In order to analyze the gatekeeping function, we have focused on three types of networks within each hashtag. The first two networks refer to message diffusion and are the main channels for tweets to go viral. These are the network of mentions (AT-Network) and the network of retweets (RT-Network). The third network refers to Twitter’s network of followers and followees (FF-Network), which we expected to play an important role in message replication. In order to evaluate whether message replication in Twitter political hashtags was correlated to the network topology, we performed a statistical correlation analysis on the following arrays of the dataset: retweet messages, mention messages, followers’ connections, followees’ connections, followers count, followees count and overall number of messages throughout the three datasets. This last feature accounts for the number of messages tweeted by single users regardless of their position in the network topology.
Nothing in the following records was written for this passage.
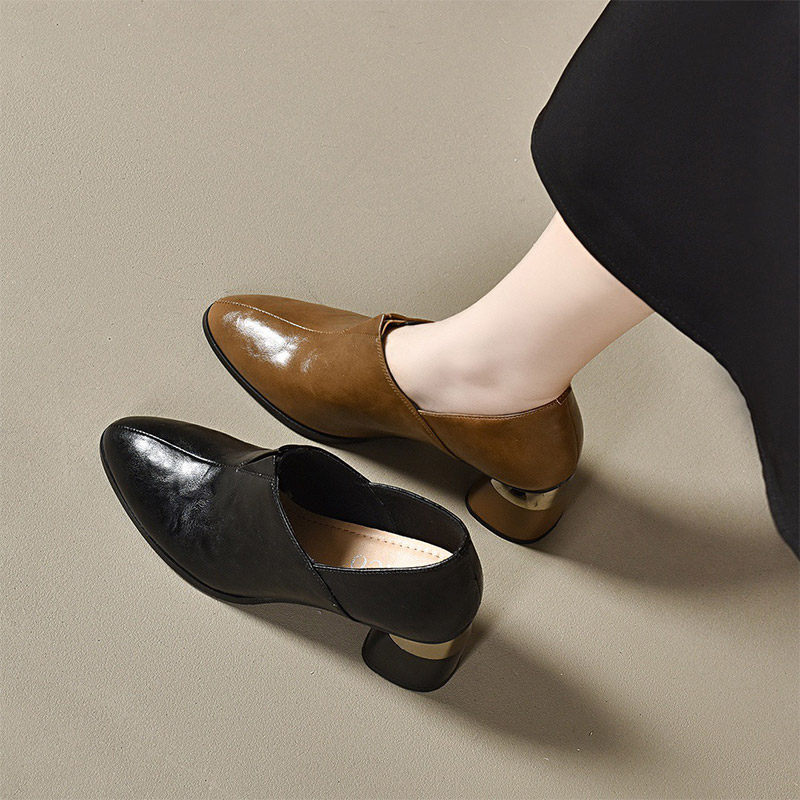 春秋鞋子新款时尚百搭尖头粗跟舒适深口单鞋真皮软底女士休闲皮鞋,女鞋,深口单鞋,淘宝优惠券,粉丝福利购,淘宝优惠卷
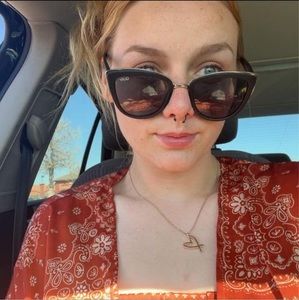 Meet your Posher, Joy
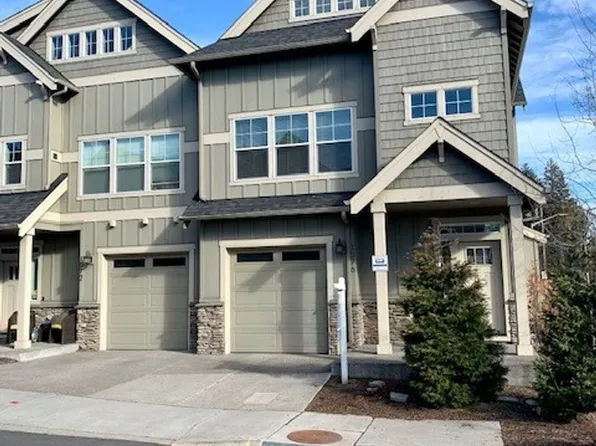 1076 SE Leonel Ln, Bend, OR 97702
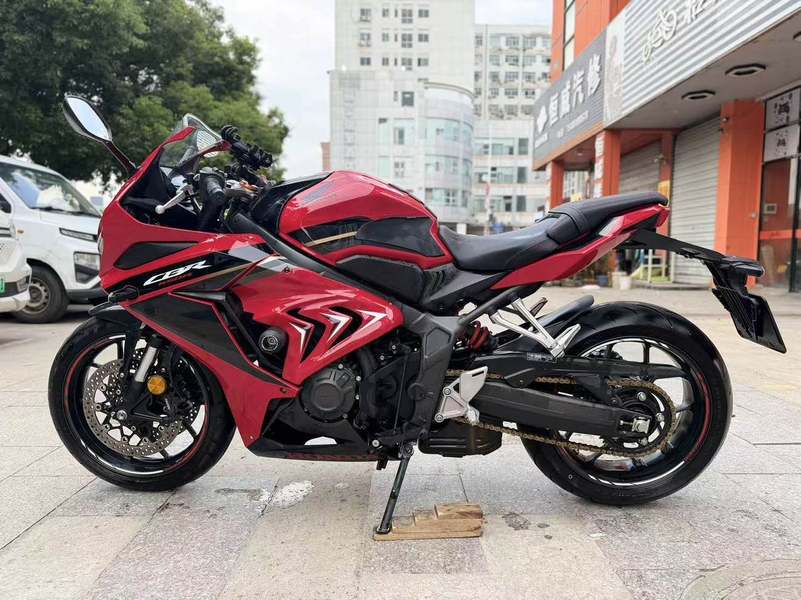 二手本田CBR650R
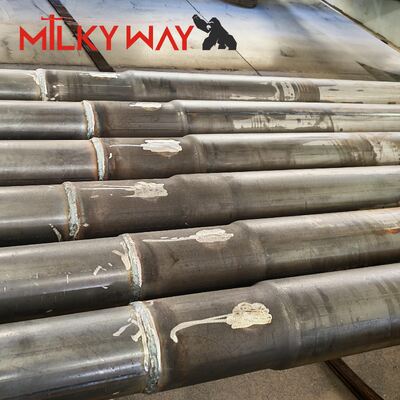 11 متر عمود خدمة فولاذي مثمن مجلفن بالغمر الساخن مع لحام AWS D1.1 و 86 ميكرومتر جلفنة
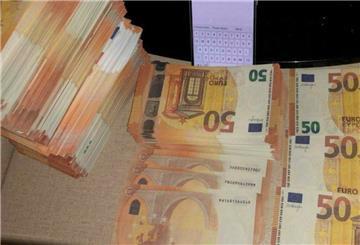 Stapelweise Falschgeld wird in einer öffentlichen Telegram-Gruppe mit Bezug zu Bremerhaven angeboten. Ein Beispiel dafür, dass Telegram auch bei uns nicht nur ein Messenger, sondern auch eine Art "Darknet für jedermann" ist.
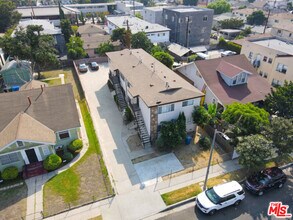 1324 W 36th St in Los Angeles, CA - Building Photo - Building Photo
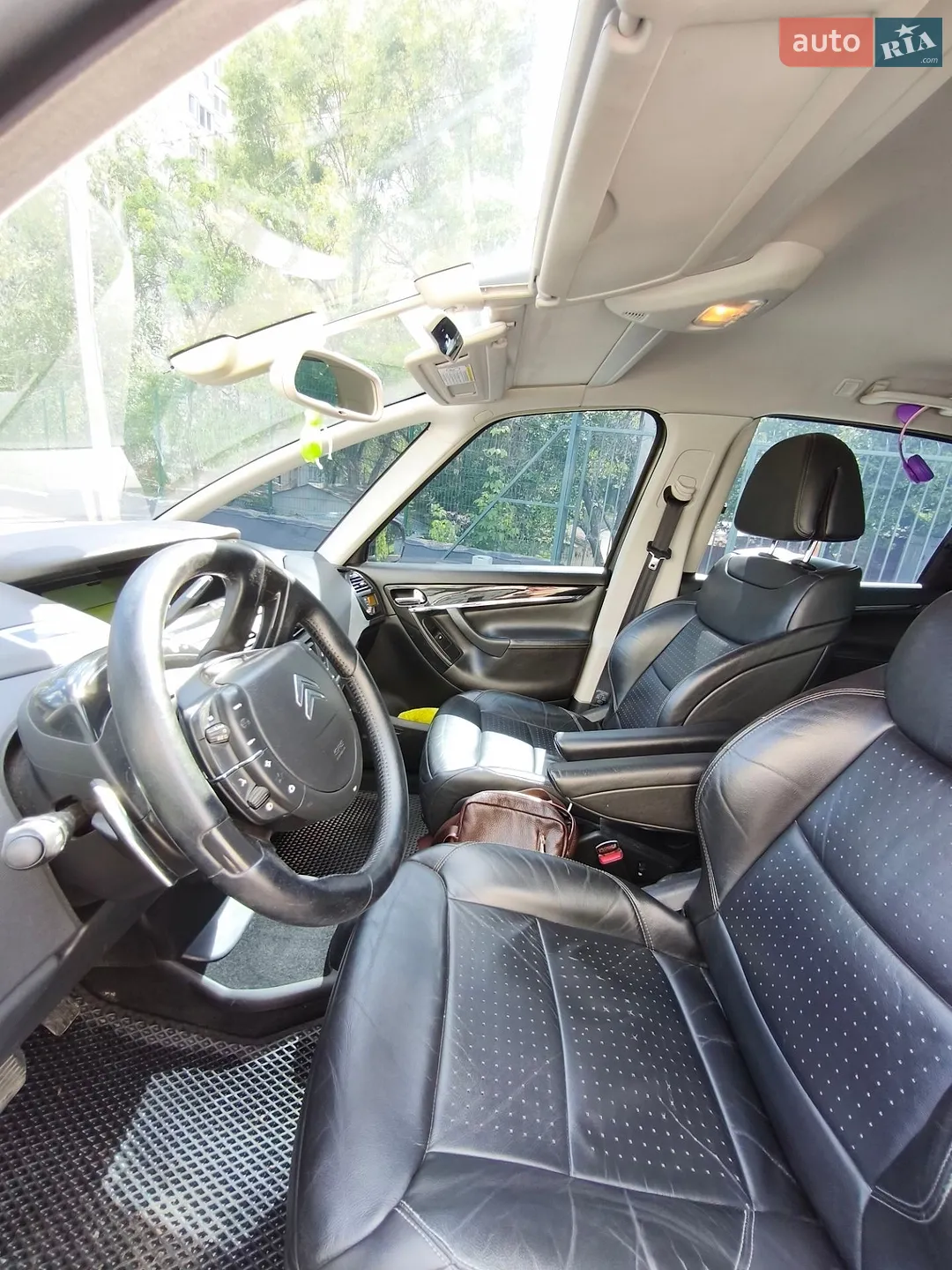 Citroen C4 Picasso 2010 VIN VF7UD9HZHAJ712451 фото оголошення 10 з 19
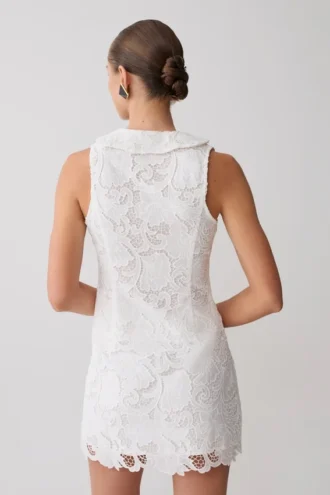 Top senza maniche con ricamo Tessa e scollo allacciato sul davanti – Bianco
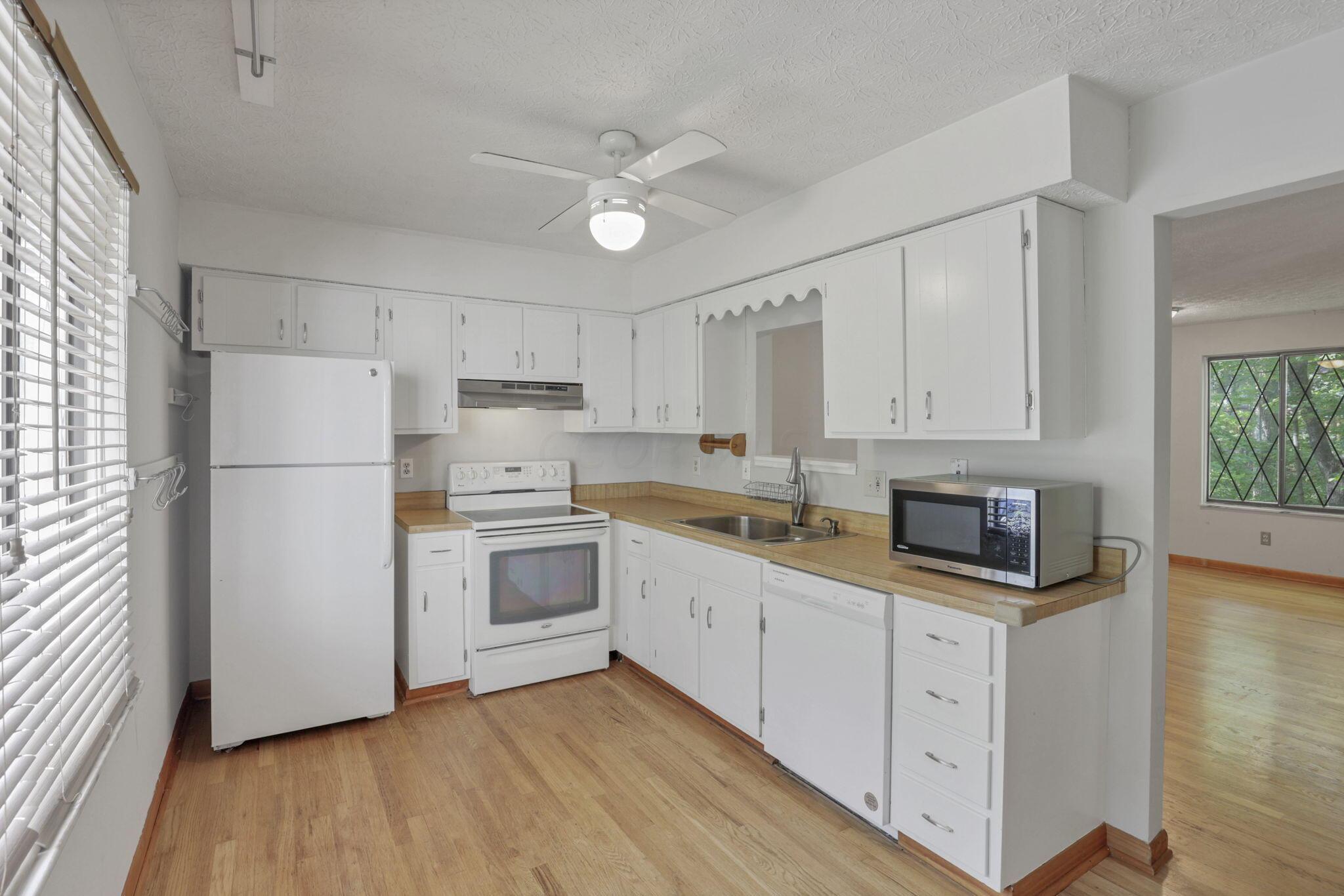 3034 Cooper Bluff Drive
#FreeIran, #FreeVenezuela and #Jan25 are political hashtags that dominated Twitter’s Trending Topics across the world through messages in up to 27 different languages. Eighty-three percent of the datasets from #FreeIran and #FreeVenezuela contain unique messages, while in #Jan25 the proportion is 55%. The same asymmetry was found in the number of retweets. While #FreeIran and #FreeVenezuela show numbers similar to each other (30% and 32%, respectively), #Jan25 shows a significantly higher number of retweets (60%) in the dataset. However, such differences tend to disappear in an in-depth analysis, which shows that of all unique messages in the three datasets, 8% of them were retweeted, thus implying that #Jan25 just had more redundant tweets (flood). The percentage of messages that include a mention (AT-Network) also varies little: 4.1% in #FreeIran, 5.7% in #FreeVenezuela and 3.8% in #Jan25. Mentions from a unique user to another unique user also show minor variations, being 2.7% in #FreeIran, 4.1% in #FreeVenezuela and 3.3% in #Jan25. However, network connectivity is not so symmetrical. #FreeIran, #FreeVenezuela and #Jan25 have, respectively, 19,599; 626,023; and 268,575 users interconnected as followers and followees. When we consider only users that are mutually followers of each other, homophily is considerably higher in #FreeIran (28%) and #FreeVenezuela (33%) than #Jan25 (16%).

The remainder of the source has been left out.